With the rising cases of campus violence, discussions about banning politics from the campus have come to the fore front. UP Chief Minister Akhilesh Yadav’s decision to restore student unions on campuses have once again raised uneasy questions about the functioning of student outfits in colleges and universities. Campuses have been the breeding grounds of many of our national and state political leaders, with the ‘60’s and ‘70 are witnessing the zenith of student activism. Many believe that a student should have the right to read, talk, discuss and actively participate in his or her political destiny and any blanket ban on student politics robs the opportunity for the society and country to generate a politically and socially aware generation. Student organizations have hitherto taken up the role of protecting the interests of the students in various issues, from the hostel food to the fee structures influencing the government as well as the management decisions on education. They have since independence secured many concessions from the governments and have played an active role in many movements and struggles in various chapters of our history. Every passing student needs to be trained in social, political, cultural and economic existence of the country and the inability to do so will in time create a young generation devoid of any empathy to the heart beats of the nation and its people.

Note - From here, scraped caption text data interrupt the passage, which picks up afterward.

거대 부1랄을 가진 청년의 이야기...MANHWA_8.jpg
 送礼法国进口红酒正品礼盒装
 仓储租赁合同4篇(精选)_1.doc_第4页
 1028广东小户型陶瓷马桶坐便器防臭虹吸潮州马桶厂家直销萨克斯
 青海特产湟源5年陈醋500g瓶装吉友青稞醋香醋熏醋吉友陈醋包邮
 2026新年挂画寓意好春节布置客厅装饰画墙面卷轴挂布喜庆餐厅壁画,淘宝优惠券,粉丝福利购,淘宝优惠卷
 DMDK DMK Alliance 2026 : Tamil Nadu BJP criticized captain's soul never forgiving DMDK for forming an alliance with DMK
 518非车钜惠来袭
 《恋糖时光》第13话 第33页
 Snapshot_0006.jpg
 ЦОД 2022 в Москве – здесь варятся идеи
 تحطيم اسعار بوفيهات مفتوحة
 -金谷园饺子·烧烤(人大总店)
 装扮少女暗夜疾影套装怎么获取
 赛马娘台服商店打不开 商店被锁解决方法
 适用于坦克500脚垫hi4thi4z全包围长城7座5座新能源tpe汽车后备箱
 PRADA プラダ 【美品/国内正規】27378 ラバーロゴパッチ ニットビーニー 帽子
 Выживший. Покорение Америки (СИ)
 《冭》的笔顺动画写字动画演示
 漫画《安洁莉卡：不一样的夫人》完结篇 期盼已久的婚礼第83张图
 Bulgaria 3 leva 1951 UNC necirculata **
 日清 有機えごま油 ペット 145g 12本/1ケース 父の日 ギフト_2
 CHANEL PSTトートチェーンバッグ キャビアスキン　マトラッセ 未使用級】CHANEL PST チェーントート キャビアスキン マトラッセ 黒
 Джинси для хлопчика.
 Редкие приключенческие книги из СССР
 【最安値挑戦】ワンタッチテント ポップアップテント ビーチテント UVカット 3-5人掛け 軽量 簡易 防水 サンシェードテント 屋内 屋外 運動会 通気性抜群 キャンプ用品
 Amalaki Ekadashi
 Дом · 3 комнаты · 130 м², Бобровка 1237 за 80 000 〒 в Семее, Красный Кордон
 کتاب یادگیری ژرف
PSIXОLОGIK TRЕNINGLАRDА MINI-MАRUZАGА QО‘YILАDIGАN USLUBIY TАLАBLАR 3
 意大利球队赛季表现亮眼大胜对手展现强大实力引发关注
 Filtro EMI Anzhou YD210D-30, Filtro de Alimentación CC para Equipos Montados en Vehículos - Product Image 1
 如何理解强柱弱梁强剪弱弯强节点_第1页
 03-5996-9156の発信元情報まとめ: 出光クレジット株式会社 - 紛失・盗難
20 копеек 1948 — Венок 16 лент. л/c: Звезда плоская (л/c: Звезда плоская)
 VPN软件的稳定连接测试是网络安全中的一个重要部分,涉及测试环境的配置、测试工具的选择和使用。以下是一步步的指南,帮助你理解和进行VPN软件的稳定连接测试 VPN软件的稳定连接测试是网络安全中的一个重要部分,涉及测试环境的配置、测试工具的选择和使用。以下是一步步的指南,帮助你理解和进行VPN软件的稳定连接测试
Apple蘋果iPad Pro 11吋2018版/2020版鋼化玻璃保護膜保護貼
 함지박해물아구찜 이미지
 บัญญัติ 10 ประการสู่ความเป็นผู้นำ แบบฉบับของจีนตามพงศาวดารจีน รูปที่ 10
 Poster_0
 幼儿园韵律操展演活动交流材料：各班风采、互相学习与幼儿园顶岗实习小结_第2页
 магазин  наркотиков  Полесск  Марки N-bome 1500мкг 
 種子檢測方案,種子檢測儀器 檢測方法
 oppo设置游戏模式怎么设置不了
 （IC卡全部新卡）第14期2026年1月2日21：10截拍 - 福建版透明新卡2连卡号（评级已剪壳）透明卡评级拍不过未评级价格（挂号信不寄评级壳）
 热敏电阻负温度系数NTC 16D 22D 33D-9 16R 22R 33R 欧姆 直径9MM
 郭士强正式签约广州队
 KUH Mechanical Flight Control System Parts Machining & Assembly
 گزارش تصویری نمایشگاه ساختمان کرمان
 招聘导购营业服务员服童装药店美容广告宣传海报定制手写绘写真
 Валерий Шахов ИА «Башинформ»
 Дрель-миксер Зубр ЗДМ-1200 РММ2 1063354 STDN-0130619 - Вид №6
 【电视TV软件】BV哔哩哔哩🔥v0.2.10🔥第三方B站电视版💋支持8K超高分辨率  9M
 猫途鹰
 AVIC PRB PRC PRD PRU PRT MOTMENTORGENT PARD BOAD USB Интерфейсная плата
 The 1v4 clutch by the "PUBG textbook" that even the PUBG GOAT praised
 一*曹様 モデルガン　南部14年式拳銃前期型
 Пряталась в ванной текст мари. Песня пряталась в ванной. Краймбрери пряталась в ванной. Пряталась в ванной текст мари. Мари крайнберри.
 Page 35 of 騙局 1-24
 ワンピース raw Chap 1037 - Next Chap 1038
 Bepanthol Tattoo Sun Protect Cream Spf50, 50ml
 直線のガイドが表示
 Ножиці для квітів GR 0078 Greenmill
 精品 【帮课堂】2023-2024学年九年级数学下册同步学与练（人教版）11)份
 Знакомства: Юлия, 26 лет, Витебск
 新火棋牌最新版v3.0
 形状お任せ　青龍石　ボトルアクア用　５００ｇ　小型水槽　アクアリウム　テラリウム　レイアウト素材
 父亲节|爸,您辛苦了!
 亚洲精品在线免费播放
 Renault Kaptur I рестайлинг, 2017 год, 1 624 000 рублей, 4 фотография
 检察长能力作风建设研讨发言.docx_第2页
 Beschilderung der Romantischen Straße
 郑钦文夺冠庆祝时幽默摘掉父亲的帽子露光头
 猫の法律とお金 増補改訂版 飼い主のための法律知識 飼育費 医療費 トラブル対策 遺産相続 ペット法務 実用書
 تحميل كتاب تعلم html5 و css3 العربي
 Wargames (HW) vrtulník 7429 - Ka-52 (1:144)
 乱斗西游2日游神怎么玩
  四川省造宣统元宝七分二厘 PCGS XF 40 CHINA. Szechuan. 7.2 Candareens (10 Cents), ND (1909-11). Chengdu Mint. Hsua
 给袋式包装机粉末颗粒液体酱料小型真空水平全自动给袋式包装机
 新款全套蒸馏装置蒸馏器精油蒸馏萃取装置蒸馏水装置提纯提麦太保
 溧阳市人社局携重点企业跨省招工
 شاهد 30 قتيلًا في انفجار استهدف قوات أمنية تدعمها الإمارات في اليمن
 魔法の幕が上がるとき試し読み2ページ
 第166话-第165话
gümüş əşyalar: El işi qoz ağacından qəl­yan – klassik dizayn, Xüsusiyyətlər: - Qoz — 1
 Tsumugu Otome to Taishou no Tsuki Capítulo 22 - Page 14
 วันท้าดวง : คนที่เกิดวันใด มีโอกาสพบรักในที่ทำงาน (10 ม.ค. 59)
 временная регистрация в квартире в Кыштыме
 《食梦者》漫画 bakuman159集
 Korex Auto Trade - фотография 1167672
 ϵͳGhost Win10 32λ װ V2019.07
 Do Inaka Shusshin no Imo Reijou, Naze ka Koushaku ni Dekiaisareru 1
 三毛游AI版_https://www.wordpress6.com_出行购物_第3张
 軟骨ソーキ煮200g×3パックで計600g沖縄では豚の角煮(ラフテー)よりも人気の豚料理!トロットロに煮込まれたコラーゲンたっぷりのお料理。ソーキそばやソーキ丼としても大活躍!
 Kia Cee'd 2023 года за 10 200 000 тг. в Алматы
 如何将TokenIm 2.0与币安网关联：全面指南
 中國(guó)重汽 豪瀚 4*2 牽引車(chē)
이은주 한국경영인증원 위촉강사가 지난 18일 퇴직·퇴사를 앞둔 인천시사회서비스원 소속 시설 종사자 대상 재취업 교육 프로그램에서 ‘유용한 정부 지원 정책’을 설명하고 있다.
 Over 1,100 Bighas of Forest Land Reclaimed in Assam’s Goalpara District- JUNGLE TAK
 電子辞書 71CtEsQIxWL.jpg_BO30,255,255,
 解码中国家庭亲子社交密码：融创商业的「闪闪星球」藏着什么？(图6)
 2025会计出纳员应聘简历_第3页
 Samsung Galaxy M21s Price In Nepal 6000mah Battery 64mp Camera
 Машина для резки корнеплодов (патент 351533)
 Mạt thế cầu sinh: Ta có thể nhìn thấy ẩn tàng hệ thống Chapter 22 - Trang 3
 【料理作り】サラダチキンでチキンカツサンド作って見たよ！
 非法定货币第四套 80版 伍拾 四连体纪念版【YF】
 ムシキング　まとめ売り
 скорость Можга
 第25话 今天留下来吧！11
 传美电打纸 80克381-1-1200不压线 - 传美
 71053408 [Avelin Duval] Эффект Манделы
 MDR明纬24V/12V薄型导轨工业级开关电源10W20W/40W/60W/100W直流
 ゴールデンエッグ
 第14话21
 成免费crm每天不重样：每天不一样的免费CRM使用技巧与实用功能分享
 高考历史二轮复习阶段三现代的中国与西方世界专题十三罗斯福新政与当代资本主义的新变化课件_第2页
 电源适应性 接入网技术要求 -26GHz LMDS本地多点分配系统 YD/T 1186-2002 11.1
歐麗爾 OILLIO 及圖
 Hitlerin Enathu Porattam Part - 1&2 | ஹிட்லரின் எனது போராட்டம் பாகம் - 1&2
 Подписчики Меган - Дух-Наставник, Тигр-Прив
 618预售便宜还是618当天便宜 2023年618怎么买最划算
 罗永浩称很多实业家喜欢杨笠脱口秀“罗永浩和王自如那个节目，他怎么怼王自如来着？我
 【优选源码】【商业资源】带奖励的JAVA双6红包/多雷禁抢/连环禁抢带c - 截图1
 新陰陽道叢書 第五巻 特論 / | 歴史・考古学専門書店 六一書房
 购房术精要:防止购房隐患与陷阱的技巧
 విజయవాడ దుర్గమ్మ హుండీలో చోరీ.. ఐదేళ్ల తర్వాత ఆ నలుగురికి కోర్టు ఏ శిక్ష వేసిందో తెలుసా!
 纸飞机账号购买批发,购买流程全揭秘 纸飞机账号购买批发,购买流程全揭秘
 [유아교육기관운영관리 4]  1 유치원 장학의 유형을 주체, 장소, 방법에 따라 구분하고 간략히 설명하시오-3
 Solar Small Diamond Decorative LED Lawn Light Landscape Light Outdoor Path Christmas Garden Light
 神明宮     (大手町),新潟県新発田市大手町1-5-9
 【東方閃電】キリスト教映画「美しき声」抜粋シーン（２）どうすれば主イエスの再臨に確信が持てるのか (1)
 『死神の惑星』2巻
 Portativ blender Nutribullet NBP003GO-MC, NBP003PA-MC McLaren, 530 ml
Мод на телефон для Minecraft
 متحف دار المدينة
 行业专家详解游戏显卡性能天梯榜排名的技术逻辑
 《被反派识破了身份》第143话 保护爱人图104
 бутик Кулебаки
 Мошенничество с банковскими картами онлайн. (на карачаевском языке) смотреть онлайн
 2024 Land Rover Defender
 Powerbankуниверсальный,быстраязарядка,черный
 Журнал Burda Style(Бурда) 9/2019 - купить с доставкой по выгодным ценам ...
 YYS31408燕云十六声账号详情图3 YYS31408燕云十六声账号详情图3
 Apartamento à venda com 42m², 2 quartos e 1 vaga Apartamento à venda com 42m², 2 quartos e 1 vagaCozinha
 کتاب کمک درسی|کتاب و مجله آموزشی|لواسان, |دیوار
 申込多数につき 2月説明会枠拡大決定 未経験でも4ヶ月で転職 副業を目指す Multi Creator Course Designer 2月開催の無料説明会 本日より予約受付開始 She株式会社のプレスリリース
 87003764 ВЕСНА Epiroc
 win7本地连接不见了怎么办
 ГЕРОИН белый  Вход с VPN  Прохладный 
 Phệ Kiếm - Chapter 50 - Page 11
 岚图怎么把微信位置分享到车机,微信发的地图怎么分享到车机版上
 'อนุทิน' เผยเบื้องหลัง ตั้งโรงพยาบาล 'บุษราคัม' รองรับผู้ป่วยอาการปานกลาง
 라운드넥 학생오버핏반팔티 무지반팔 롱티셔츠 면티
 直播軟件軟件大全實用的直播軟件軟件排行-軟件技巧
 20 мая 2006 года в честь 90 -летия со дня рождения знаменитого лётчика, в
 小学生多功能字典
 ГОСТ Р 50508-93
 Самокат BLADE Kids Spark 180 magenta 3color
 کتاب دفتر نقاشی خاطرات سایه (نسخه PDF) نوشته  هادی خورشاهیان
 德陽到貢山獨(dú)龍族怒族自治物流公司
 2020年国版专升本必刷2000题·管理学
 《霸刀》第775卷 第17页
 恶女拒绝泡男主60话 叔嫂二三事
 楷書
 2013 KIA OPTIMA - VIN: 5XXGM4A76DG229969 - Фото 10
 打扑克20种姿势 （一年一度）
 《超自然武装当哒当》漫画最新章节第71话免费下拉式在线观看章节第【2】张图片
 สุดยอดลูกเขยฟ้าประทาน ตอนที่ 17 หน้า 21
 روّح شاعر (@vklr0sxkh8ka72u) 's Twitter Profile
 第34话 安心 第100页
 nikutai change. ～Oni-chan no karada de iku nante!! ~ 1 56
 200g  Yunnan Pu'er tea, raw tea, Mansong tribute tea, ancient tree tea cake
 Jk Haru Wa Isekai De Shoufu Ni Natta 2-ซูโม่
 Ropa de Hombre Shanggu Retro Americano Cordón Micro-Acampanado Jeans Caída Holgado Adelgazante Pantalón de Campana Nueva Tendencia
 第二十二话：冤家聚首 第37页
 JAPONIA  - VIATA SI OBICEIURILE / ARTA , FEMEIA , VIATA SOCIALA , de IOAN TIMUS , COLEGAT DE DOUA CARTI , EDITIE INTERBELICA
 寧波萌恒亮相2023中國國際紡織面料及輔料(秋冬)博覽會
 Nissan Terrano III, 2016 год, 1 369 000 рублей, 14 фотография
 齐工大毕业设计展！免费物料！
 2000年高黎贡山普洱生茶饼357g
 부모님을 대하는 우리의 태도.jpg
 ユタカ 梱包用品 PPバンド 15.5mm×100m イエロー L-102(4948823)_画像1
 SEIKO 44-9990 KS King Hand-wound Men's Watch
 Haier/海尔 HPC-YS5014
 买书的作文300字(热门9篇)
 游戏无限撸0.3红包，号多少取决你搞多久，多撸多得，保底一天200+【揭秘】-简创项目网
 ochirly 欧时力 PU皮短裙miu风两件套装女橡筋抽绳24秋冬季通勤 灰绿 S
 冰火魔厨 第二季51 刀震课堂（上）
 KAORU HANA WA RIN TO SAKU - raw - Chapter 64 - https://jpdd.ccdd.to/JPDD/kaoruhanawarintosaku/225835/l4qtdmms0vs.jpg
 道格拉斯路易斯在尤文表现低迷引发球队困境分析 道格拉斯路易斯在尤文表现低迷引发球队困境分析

“Today’s student politics has changed from being a movement to being momentary.” – D P Tripathi

There is no doubt that, one which was considered to be a vigilant factor of the society and pave avenues for future political leaders of the country is going through a volatile phase now. A major reason for the rot in the student organizations is the participation of external political parties and interference of party leaders in the affairs of the college unions and campuses. The political parties’ realisation of the benefits of ‘catching those young’ and the ideological stagnation among student leaders have led to a murky turn in college politics. The open carnage of gundas, outsiders and ‘hang-on’ leaders of various student parties have resulted in bloodshed across the universities in the country. Escalating violence especially during elections, have become a feature of these organizations. The political equations and conspiracies at the centre and state have adversely affected student activism which has led to wane in campus politics. Student unions which were supposed to be a corrective force in the field of education unfortunately have become tools in the hands of political class.

“Without unions, they only learn to be submissive”
-VS Sreedhara, professor, who was attacked by student union mob

That a ban on campus politics would solve the problems of the universities and colleges is just an illusion. Restricting student unions will result in anarchy in educational institutions. The recommendations of Lyngdoh committee have been aimed at reforming the campus elections as well as the face of student politics. Curbing the expenditure, keeping away the political parties from canvassing inside the campuses, limit on the number of times a candidate can contest elections, minimum attendance for candidature are some of the key recommendations that would take the young political aspirants in the right direction. The institution heads and management can stop any group disrupting the peace and pious environment of the temples of knowledge but a veto on student politics might spell doom rather than a boon. It has to be remembered that the final onus of academic, social, political and cultural development of the campuses lie with the student unions and the students themselves. They have to take charge in elevating the organizations above partisan politics and unequivocally tend to their duty, addressing grievances of the students. Organized student movements in peaceful and disciplined manner deserves to be passionately encouraged for inculcating democratic credentials among the youth, empowering the conscious citizens of today and raising better leaders of tomorrow.